Climb the BeanStalk, or Stuff it in a Container?


Even as enterprises just start to wrap their minds about how cloud in general will transform the way they operate, the goal post is already moving forward.  If anyone out there has been looking for a final proof-point that the sphere of control has officially passed to the developer, this recent shift is all you need.  What am I on about this time and what the heck does that title mean?  A little history is probably in order.

In the beginning, there were Mainframes, and they were good.  Developers wrote code and dropped it into a giant job engine which then charged them for the time it consumed.  Paying too much?  Well time to optimize your code or rethink your value proposition.  This worked for quite a while, but as technology evolved it inevitably commoditized and miniaturized and as a result became far more available.  Why wait in a queue for expensive processing time, purchased from a monopoly, when you could put it on your desk?  The mini-computer revolution was here, quickly giving way to the microcomputer revolution, and it was also all good.

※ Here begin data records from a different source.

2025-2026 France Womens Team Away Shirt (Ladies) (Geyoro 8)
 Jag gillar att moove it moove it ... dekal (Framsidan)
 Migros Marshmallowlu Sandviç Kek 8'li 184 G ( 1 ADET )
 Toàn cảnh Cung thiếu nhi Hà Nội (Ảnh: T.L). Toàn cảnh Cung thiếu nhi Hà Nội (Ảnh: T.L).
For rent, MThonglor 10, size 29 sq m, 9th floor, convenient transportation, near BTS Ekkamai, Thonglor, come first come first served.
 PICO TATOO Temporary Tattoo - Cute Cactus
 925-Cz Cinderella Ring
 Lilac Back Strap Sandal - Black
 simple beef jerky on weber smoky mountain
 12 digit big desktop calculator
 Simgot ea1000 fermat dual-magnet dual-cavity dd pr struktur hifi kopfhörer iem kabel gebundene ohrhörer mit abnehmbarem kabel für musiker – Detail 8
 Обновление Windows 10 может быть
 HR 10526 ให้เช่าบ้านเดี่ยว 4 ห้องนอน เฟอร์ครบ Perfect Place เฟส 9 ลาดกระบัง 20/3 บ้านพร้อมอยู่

Computers stranded on desks aren’t particularly useful though, so technology provided an answer in the form of local area networks, which quickly evolved into wide area networks, which ultimately enabled the evolution of what we today call the Internet.  All of these things were also good.  As technology continued to commoditize, it became a commonplace consumer product like a car or a toaster.  Emerging generations were growing up as reflexive users of technology, and their expectations were increasingly complex

To keep up, companies found they had to move fast.  Faster than IT departments were able to.  Keeping track of thousands of computers, and operating the big expensive datacenter facilities they lived in, was certainly an “easier said than done” proposition.  By the mid 2000s, rapidly evolving agility in software came to the rescue of what was, in essence, a hardware management problem.  Virtualization redefined what “computer” really means and operating systems became applications that could be deployed, removed and moved around far more easily than a physical box.  This was also good, but in reality only bought IT departments a few years.  The promise of virtualization was never fully exploited by most since the toughest challenge is almost always refining old process and , at the end of the day, there were still physical computers somewhere underneath all of that complex software.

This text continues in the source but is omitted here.